Work instructions: Each line of the data below between the one containing "Condominium at 778" and the one containing "Kelly Clarkson - The", both included, is to be repeated exactly. Please omit pictures.

Record excerpts:
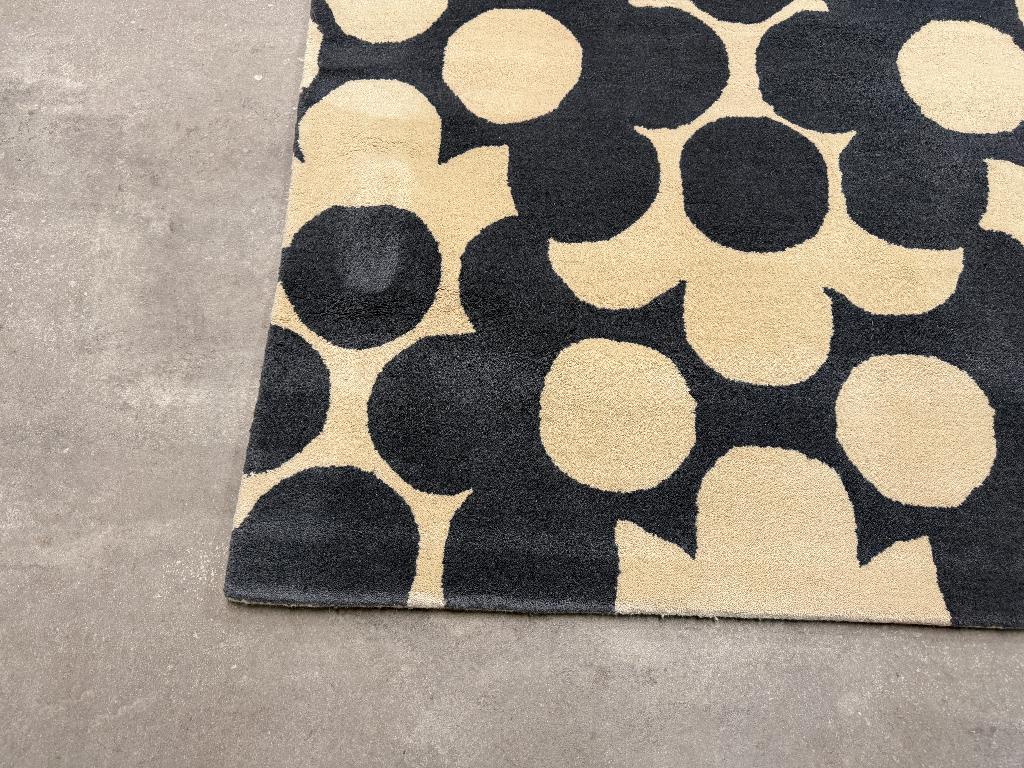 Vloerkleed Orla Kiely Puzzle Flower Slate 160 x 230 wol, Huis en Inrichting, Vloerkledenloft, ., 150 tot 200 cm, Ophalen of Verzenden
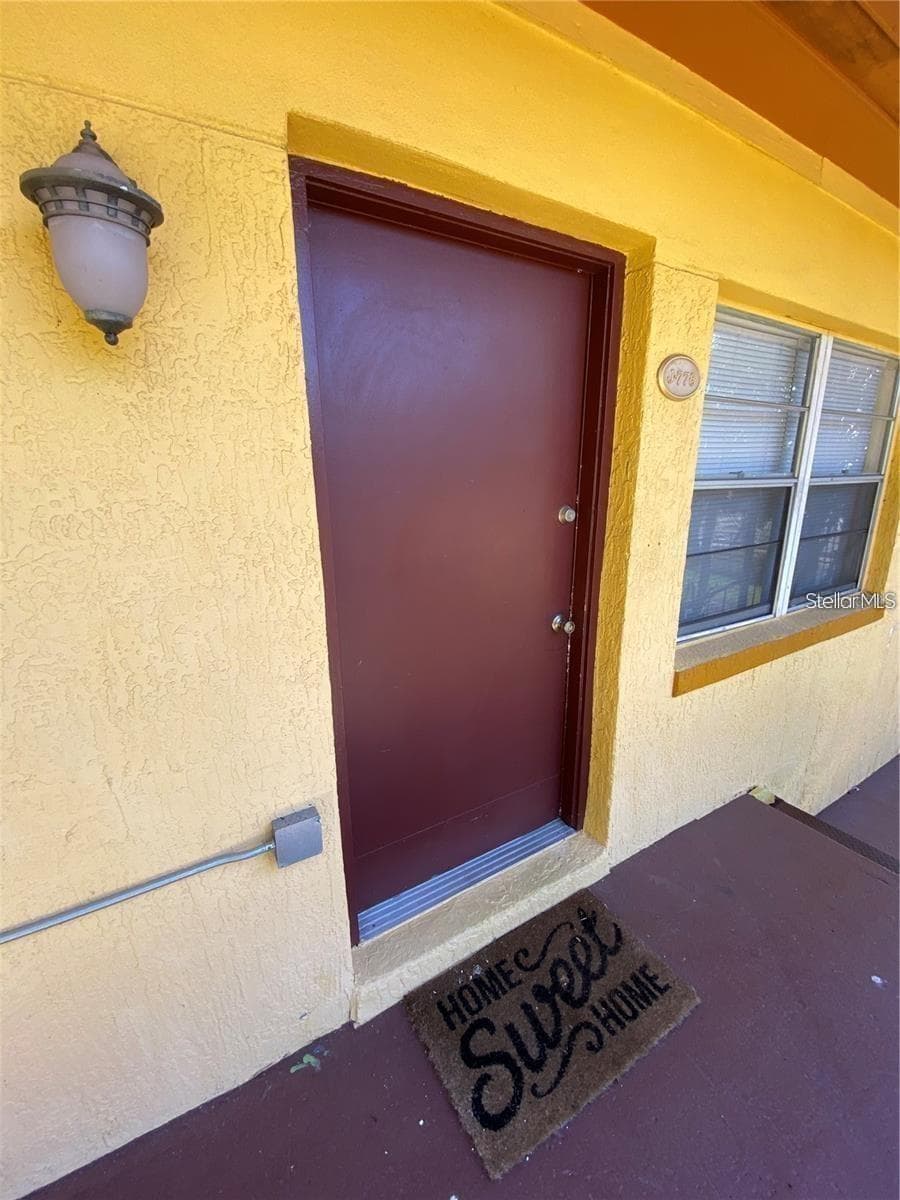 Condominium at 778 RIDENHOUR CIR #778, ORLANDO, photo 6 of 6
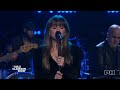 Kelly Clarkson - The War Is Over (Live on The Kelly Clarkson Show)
--
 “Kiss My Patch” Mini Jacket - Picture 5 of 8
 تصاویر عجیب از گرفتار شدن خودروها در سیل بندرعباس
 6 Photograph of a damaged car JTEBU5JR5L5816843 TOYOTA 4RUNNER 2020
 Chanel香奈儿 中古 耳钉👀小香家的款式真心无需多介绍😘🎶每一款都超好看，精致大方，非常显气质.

Exercise answer:
 Condominium at 778 RIDENHOUR CIR #778, ORLANDO, photo 6 of 6
 Kelly Clarkson - The War Is Over (Live on The Kelly Clarkson Show)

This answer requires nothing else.